== Instructions to follow ==
In the copy, every line of the material that follows must appear exactly, and no pictures should.

== Information provided ==
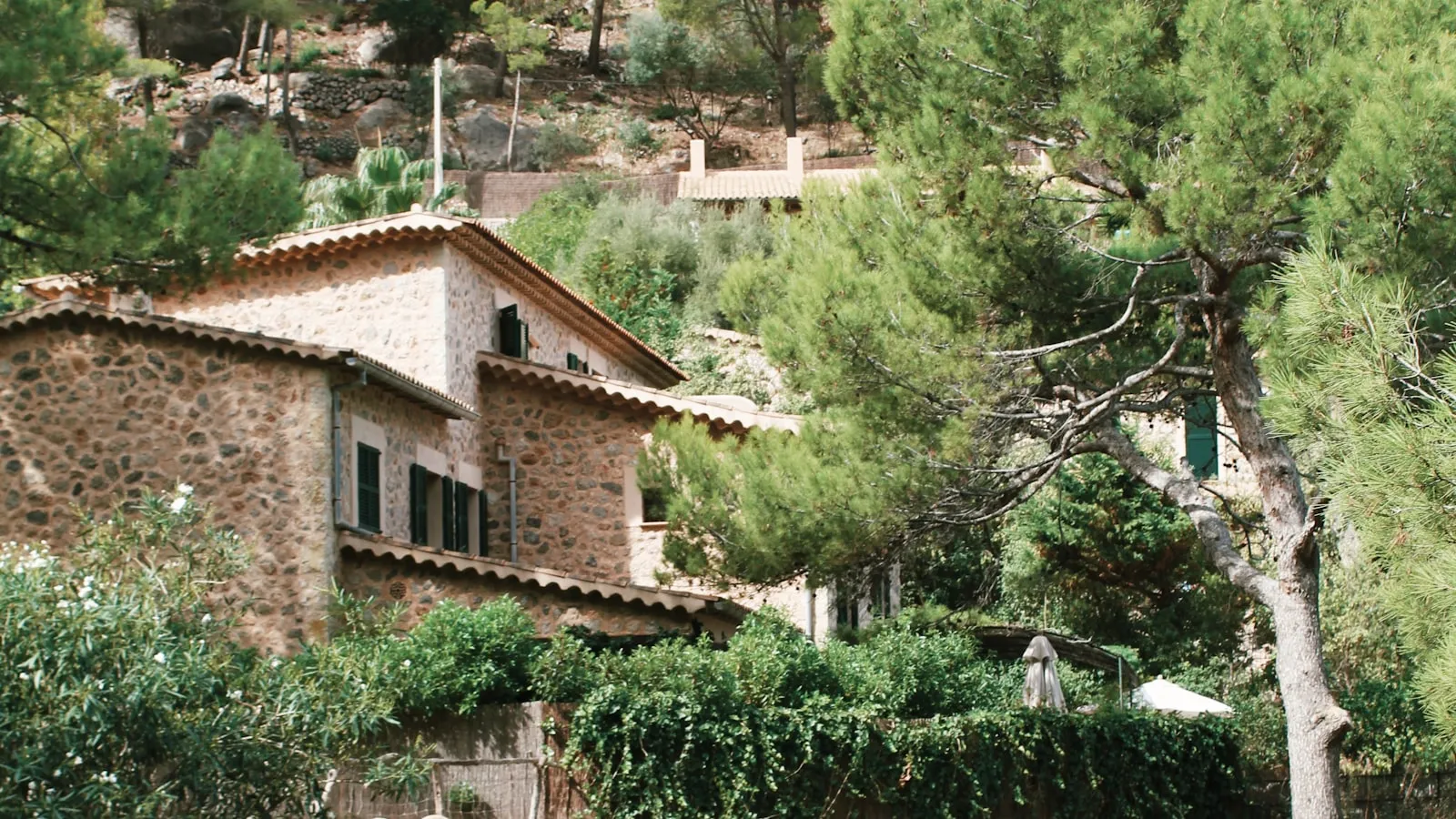 Casa de piedra mallorquina rodeada de pinos en el campo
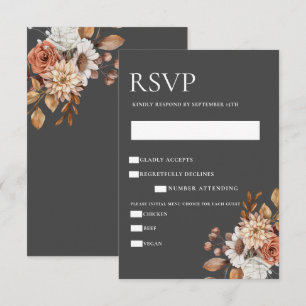 Élégante carte de boîtier RSVP Floral Automne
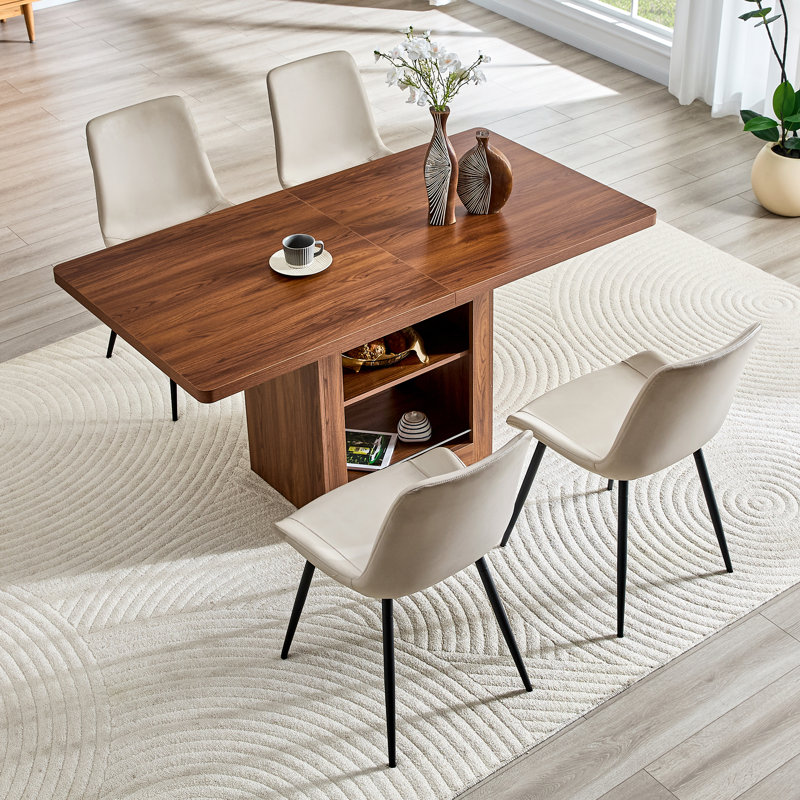 Ensemble de table de salle à manger extensible Modern, Ensemble de cinq pièces : table, quatre chaises, Blanc/Noir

== Answer section ==
 Casa de piedra mallorquina rodeada de pinos en el campo
 Élégante carte de boîtier RSVP Floral Automne
 Ensemble de table de salle à manger extensible Modern, Ensemble de cinq pièces : table, quatre chaises, Blanc/Noir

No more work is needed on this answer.